The point of Qiaochu Yuan's answer is that firstly that in order to be surprised the $a^p-a$ is not divisible by $p$ when $p$ is composite, you should first have a (combinatorial in your case) reason to find it natural that it does hold when $p$ is a prime number. One such reason is that $a^p-a$ counts words (which I find more convenient to talk about than necklaces, but it is the same thing) of length $p$ over an $a$-element alphabet that do not consist of $p$ identical letters. The reason this number is divisible by $p$ is that cyclic rotation partitions the set of such words into packets (orbits) of size $p$. That this is so requires a bit of thought: if there were any non-trivial cyclic rotation (not necessarily by a single place) that transforms a word into itself, then by iterating that one can obtain the cyclic rotation by a single place, and any word invariant by that rotation clearly has all its letters equal. This amounts to the fact that any non-identity element of a cyclic group of $p$ element generates the entire group.
Now the second point of the Qiaochu Yuan's answer is to analyze the situation when $p$ is composite (I'll henceforth call the number $n$ to avoid confusion). Now it is no longer true that any non-identity element of a cyclic group of $n$ element generates the entire group; notably it can generate a subgroup of any order dividing $n$. Consequently there are words that are invariant under some non-trivial cyclic rotation, but not under all of them, and in particular not under the rotation by a single place. The word RBYRBY is an example, invariant under rotation by $3$ places, but not under rotation by one place. You may very well stop here; it is clear why the argument breaks down, and the numerical examples you gave show that there is no other argument that will make $a^n-a$ divisible by $n$ for all $n$ either.
If you insist on finding something that is counted by a number always divisible by $n$, then you can still take all words that are not invariant under any non-trivial cyclic rotation, as these come in packets (orbits) of size $n$. Call this number $f(n)$, which will be useful later. Now rather than having $f(n)=a^n-a$, you need to exclude for every strict divisor $d$ of $n$ the words that come in packets of size $d$. These are harder to count than words that come in singleton packets (as we saw there were $a$ of them), but can be done by the following reasoning. Such words necessarily consist of a sub-word $s$ of $d$ letters that is repeated $d$ times: $w=s.s\ldots s$. However $s$ cannot just be any word, it must not have any internal cyclic symmetry, since if it did it would belong to a shorter orbit.

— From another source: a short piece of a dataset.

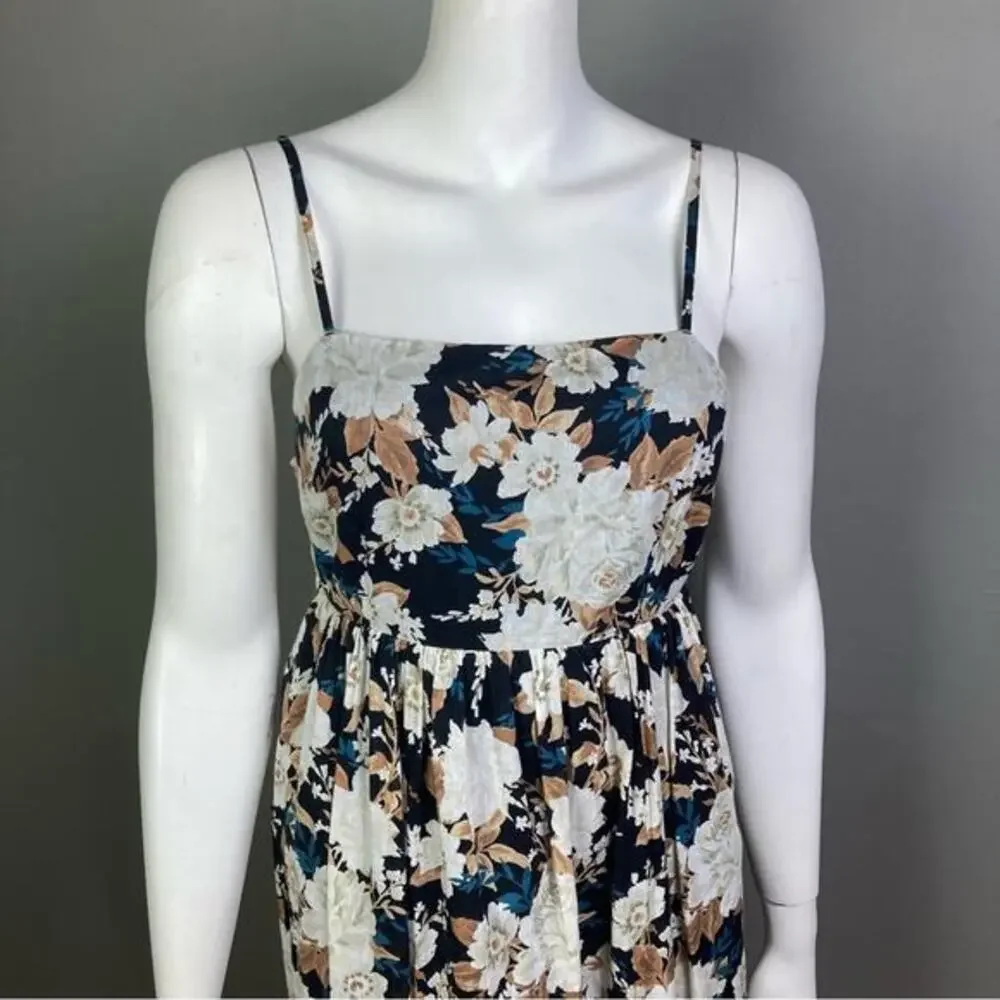 Abercrombie & Fitch Maxi dress XS Babydoll‎ floral cottagecore strappy cotton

But words without any cyclic symmetry is just what we were out to count, except that it was for length $n$ and now we are confronted with length $d. Hence the utility of a general function $f$: it is defined implicitly (by induction) by the relation $ f(m)=a^m-\sum_{d\text{ strictly divides }m}f(d) $ for all $m\geq1$. Note that in particular $f(1)=a$ since $1$ has no strict divisors. This equation can be formulated more simply by moving the summation to the other side, which also avoid having to mention "strict": $ \sum_{d\mid m}f(d)=a^m $ for all $m\geq1$. The general technique the will solve this is called Möbius inversion. Since you haven't heard about that, here's its secret. Think of a vectors $F(n)=(f(1),f(2),\ldots,f(n))$, the unknown we are after, and $G(n)=(a,a^2,\ldots,a^n)$ which tabulates the right-hand-sides of our last equation. This equation then says $F(n)=\mathbf D(n)\cdot F(n)$, where $\mathbf D(n)$ is the lower triangular matrix with entries $\mathbf D(n)_{i,j}=1$ whenever $j$ divides $i$, and $\mathbf D(n)_{i,j}=0$ otherwise. Actually the equation gives us the result of multiplying row $m$ of of the matrix $\mathbf D(n)$ and the vector $G(n)$, so the full matrix equation takes care of "for all $m$" (upto $n$). Now all we need is the inverse matrix $\mathbf D(n)$, and it can (rather easily) be shown to be given by $ \mathbf D(n)^{-1}_{i,j} = \begin{cases}(-1)^c & \text{if }i/j\text{ is integer and a product of }c\text{ distinct primes}\\ 0 & \text{otherwise}\\ \end{cases} $ which is usually written as $ \mathbf D(n)^{-1}_{i,j} = \begin{cases}\mu(i/j)&\text{if }j\mid i\\ 0 & \text{otherwise}\\ \end{cases} $ where $\mu$ is the so-called (arithmetic) Möbius function. Now one can write $F(n)=\mathbf D(n)^{-1}\cdot G(n)$, giving $ f(m)=\sum_{d\mid m}\mu(m/d)a^d $ which is the formula Qiaochu gave (with $m=n$) for the number of entirely non-symmetric necklacesof length $n$. (Actually he interchanged $n/d$ and $d$, which can be seen to make no difference; personally I prefer to always put $n/d$ in the argument of $\mu$.)